_EXERCISE DIRECTIONS_
Your copy of the listing should be exact and should contain no pictures.
▼
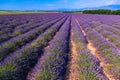 Lavender field summer landscape near Valensole Royalty Free Stock Photo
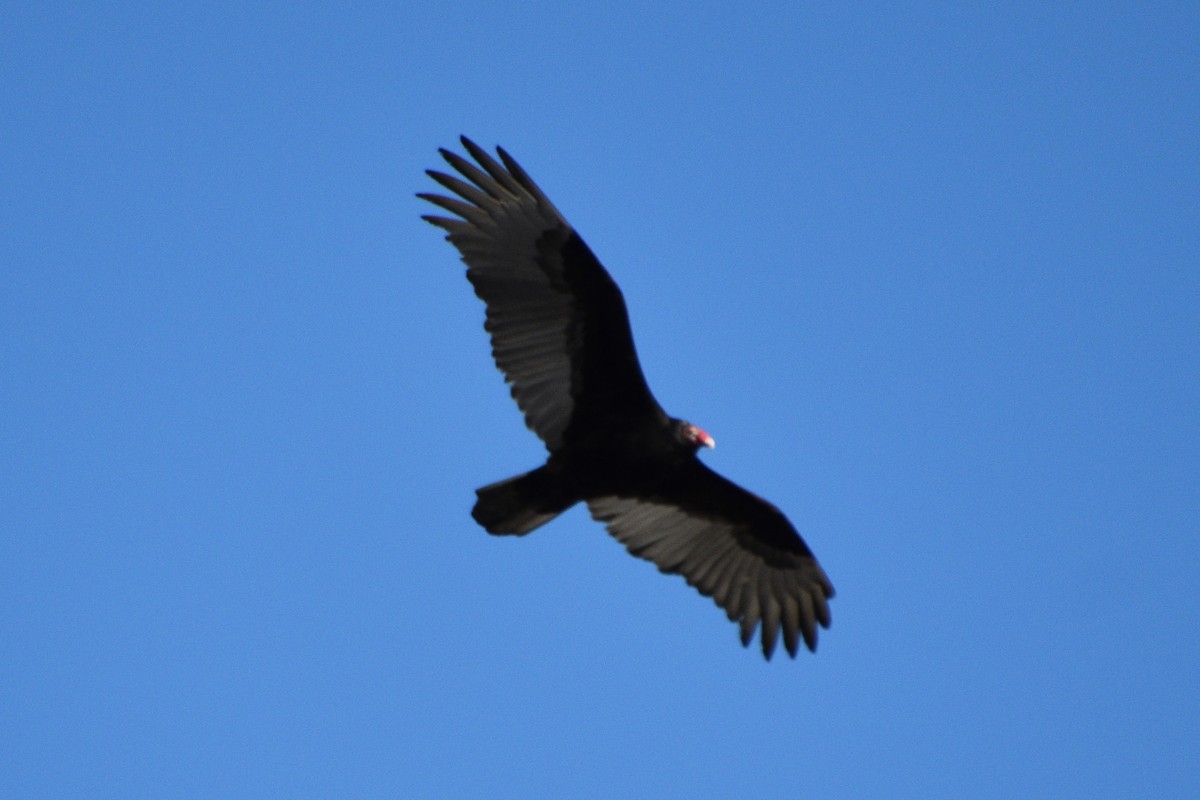 Turkey Vulture - ML414736131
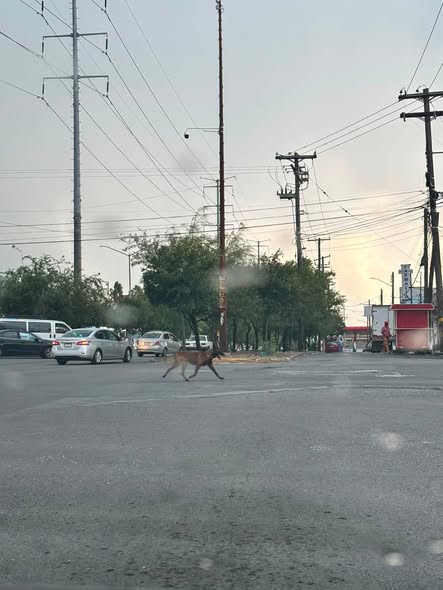 Foto del avistamiento de perro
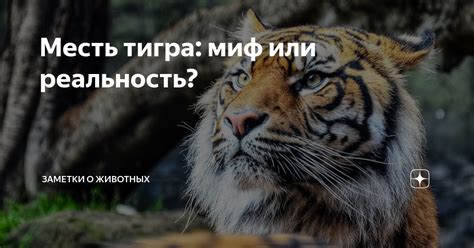 Миф или реальность: дружба тигра и человека?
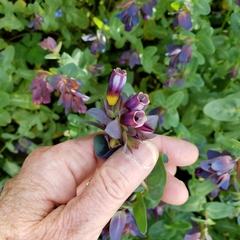 Cerinthe major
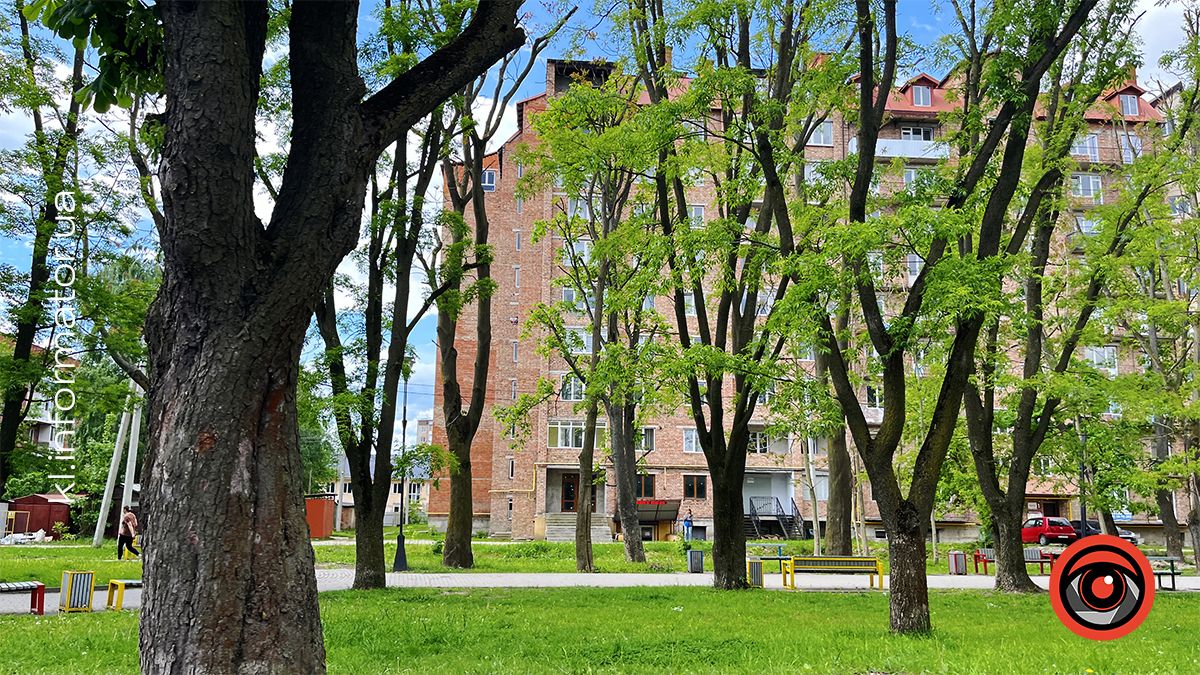 Місце у тіні: де сховатися від спеки у Коломиї 6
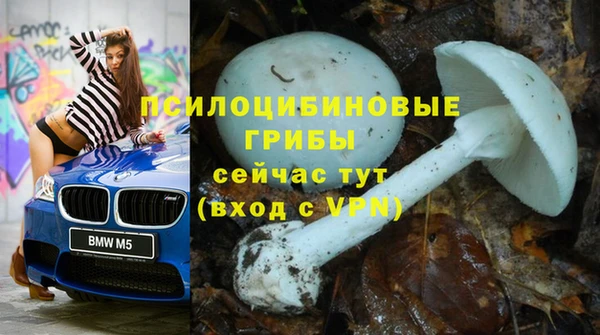 ГАЛЛЮЦИНОГЕННЫЕ ГРИБЫ Михайлов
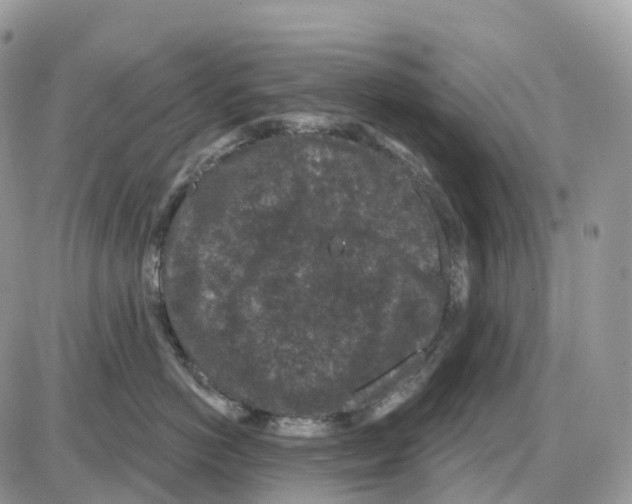 X0000086050766200704202036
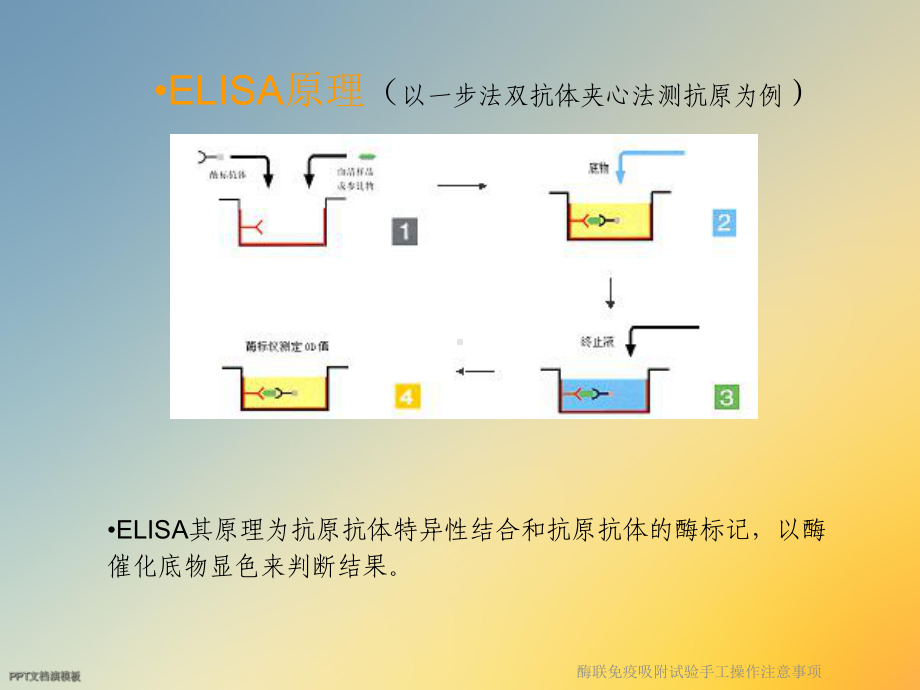 酶联免疫吸附试验手工操作注意事项课件.ppt_第3页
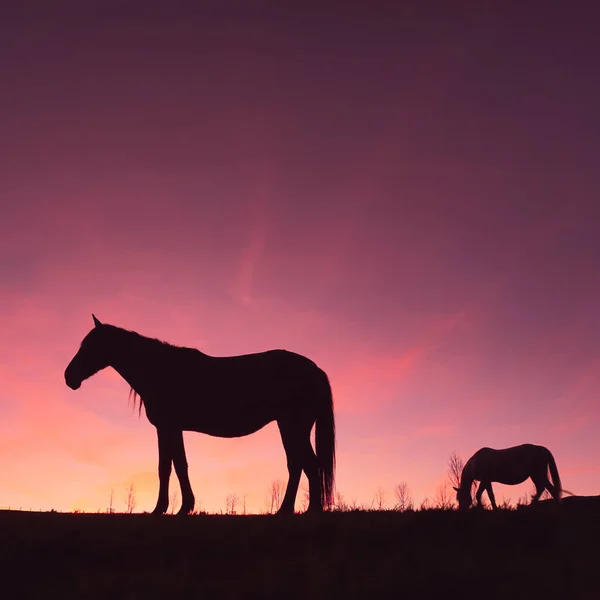 Силуэт Лошади Лугу Красивым Закатным Фоном — стоковое фото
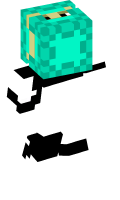 Skinfile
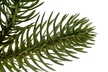 Choinki sztuczne - Choinka Świerk Leśny 180cm (10)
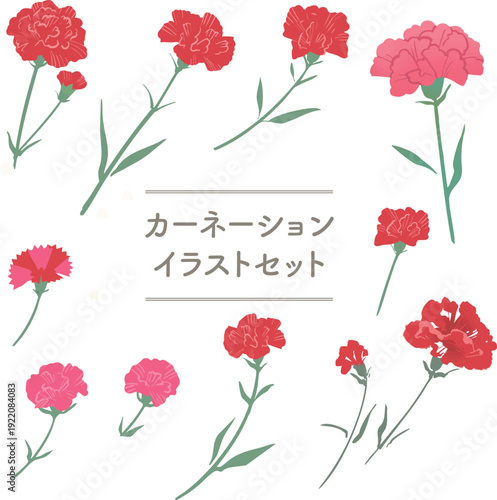 カーネーションのベクターイラストセット｜母の日・花素材コレクション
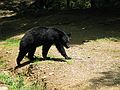 June 17, 2003 - Cades Cove, Great Smoky Mountains National Park, Tennessee.<br />Black bear at Elijah Oliver's place.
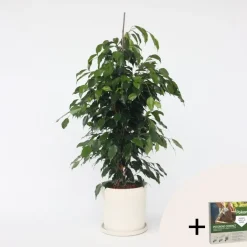 Plant in a Box Treurvijg - Ficus benjamina 'Danielle' - Hoogte 100-110cm - ⌀21cm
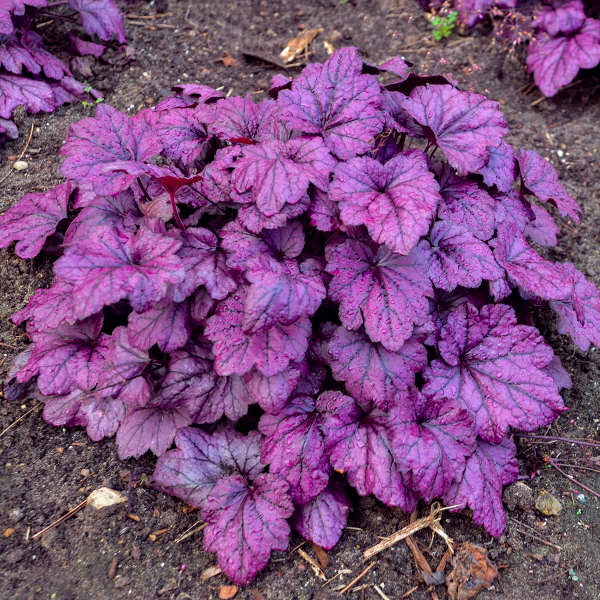 Heuchera Dressed Up Electric Plum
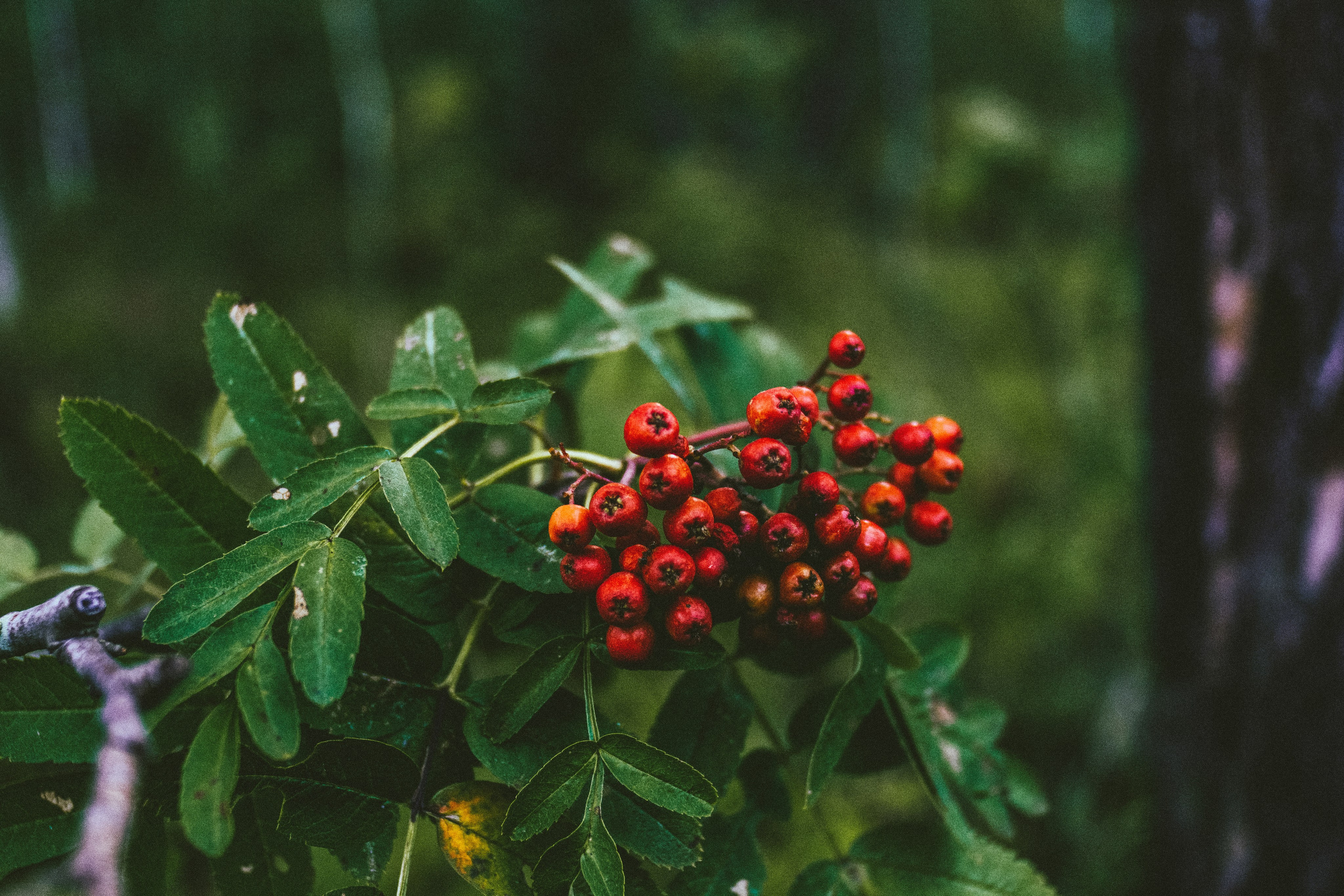 Портретный и репортажный фотограф г. Тюмень Ник Стенсил
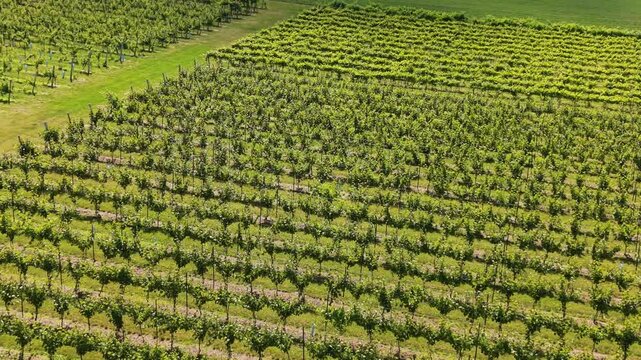 Breathtaking aerial views of a vineyard in Nova Scotia showcasing lush grape fields and rolling landscapes
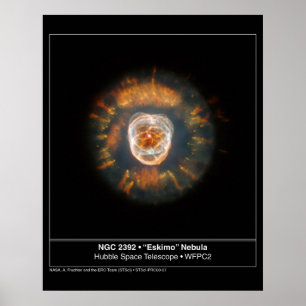 Poster Telescópio Hubble Eskimo Nebula 2392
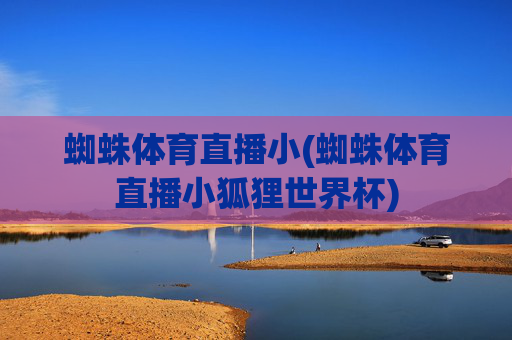 蜘蛛体育直播小(蜘蛛体育直播小狐狸世界杯)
▲
_YOUR SOLUTION_
 Lavender field summer landscape near Valensole Royalty Free Stock Photo
 Turkey Vulture - ML414736131
 Foto del avistamiento de perro
 Миф или реальность: дружба тигра и человека?
 Cerinthe major
 Місце у тіні: де сховатися від спеки у Коломиї 6
 ГАЛЛЮЦИНОГЕННЫЕ ГРИБЫ Михайлов
 X0000086050766200704202036
 酶联免疫吸附试验手工操作注意事项课件.ppt_第3页
 Силуэт Лошади Лугу Красивым Закатным Фоном — стоковое фото
 Skinfile
 Choinki sztuczne - Choinka Świerk Leśny 180cm (10)
 カーネーションのベクターイラストセット｜母の日・花素材コレクション
 June 17, 2003 - Cades Cove, Great Smoky Mountains National Park, Tennessee.<br />Black bear at Elijah Oliver's place.
 Plant in a Box Treurvijg - Ficus benjamina 'Danielle' - Hoogte 100-110cm - ⌀21cm
 Heuchera Dressed Up Electric Plum
 Портретный и репортажный фотограф г. Тюмень Ник Стенсил
 Breathtaking aerial views of a vineyard in Nova Scotia showcasing lush grape fields and rolling landscapes
 Poster Telescópio Hubble Eskimo Nebula 2392
 蜘蛛体育直播小(蜘蛛体育直播小狐狸世界杯)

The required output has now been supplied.